Finally, the distinction between metadata and data is in many ways an arbitrary one. For some of our users the evidence for our assertions, e.g., publications, are metadata, while for other users they are critical data. Some serialization formats, especially those designed to be used by software tools, e.g. FASTA or GFF, make it impractical to include all data and metadata.
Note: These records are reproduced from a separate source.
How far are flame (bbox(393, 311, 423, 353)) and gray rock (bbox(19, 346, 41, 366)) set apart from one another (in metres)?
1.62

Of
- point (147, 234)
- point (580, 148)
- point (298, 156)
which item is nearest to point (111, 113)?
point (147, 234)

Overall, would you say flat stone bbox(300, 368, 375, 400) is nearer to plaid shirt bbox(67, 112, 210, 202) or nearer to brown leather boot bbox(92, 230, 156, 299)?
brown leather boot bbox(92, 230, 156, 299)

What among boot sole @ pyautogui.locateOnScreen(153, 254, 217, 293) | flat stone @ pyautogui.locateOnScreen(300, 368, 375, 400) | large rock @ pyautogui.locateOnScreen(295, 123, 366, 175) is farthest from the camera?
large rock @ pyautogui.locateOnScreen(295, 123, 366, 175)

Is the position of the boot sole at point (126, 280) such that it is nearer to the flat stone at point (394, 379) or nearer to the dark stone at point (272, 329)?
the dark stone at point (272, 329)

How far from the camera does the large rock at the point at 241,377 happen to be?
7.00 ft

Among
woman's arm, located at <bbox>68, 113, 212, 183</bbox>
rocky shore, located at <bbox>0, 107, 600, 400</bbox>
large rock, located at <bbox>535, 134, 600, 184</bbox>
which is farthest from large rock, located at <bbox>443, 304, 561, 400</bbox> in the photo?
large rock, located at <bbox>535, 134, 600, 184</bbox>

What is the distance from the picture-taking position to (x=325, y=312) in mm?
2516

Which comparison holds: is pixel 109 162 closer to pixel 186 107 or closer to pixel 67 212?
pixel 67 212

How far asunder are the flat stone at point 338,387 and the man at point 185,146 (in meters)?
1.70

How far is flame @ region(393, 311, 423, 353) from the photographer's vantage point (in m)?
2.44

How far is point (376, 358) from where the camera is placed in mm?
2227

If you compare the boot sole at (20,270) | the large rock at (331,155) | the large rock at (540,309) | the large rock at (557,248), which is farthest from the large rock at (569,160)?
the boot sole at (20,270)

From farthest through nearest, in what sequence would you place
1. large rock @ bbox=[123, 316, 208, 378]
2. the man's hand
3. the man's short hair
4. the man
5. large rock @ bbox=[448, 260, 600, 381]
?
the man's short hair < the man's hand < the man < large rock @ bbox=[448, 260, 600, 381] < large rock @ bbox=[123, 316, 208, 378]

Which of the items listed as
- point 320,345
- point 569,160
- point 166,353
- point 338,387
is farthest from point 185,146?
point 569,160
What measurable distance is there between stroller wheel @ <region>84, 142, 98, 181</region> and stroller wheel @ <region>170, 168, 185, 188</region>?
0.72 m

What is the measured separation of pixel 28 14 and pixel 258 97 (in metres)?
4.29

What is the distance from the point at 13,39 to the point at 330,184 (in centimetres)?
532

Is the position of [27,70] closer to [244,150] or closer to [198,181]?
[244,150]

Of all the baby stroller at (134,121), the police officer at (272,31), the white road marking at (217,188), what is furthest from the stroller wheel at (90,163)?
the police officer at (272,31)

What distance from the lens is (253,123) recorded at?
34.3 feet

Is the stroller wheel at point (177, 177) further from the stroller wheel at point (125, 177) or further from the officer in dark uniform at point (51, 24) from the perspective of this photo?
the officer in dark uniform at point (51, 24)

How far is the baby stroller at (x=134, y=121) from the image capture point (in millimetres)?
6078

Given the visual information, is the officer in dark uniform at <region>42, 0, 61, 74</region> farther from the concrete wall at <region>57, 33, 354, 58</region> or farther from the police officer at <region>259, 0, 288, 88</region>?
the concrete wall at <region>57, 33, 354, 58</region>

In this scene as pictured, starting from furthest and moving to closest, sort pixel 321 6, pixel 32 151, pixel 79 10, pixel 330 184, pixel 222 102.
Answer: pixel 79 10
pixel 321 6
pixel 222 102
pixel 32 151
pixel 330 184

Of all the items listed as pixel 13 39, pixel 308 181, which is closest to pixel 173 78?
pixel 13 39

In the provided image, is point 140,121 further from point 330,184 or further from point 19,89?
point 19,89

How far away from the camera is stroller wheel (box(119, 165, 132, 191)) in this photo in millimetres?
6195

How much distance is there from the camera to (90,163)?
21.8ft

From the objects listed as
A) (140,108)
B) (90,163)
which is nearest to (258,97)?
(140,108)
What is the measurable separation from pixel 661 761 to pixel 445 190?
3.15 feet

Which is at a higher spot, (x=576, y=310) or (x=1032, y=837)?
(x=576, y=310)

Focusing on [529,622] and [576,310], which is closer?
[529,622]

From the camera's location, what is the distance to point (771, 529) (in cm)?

Challenges and Evolution of FAIRness Assessments

We recognized the complexity that a large resource like UniProt poses for a FAIRness assessment. Even for smaller datasets FAIRness assessments are not a straightforward process. The current exemplar metrics, together with their question set are definitely a step forward in facilitating the FAIRification of resources; nonetheless, the process is still manual and requires human verification of the answers. Some of the questions such as those about schemata behind the identifiers and protocols, relate to third-party URLs, which are not necessarily in a machine-readable format. Information about HTTP or HTTPS can be found in Wikipedia, but would that be the correct URL for a FAIRness assessment? We do not know the answer and the metrics and questions do not help here. We mimicked the assessment examples provided as supplementary material at the GitHub FAIR metrics repository, as this seemed to be the simplest approach at this time.

The pilot project FAIRshake⁵ aims to make manual assessments easier. It presents users with a set of questions that are similar to those accompanying the exemplar metrics. The assessment process is still manual, based on questions and IRIs, and therefore presents the assessor with similar issues as does the question set accompanying the exemplar metrics. Rather than relying on manual assessments, the FAIR community should aim to create a semi or even fully automated validator to make assessments easier and comparable. Such a validator could, for instance, take account of the third-party URLs mentioned at the beginning of this section.

The FAIR principles and metrics are still evolving. They are gaining a momentum that should push digital resources to face the FAIR challenges and, by doing so, improve science. Communities will play an important role to make this a reality and the FAIR principles recognized this, for instance the principle F2 refers to rich metadata, R1 mentions a plurality of relevant attributes and R1.3 talks about community standards. Any FAIR validator should therefore be complemented with community-based validators. There are different accepted standards for datasets, e.g., DCAT (https://www.w3.org/TR/vocab-dcat/), EOSC-EDMI (https://eosc-edmi.github.io/) and Bioschemas⁶ (http://bioschemas.org/). For RDF distributions there is the external FAIR validator at YummyData⁷ (http://yummydata.org/) which strives to generate a computable FAIR metric. The data that we provide to YummyData are also used to improve our user documentation for the UniProt SPARQL endpoint at sparql.uniprot.org. This shows how being FAIR can also benefit the resource providers themselves.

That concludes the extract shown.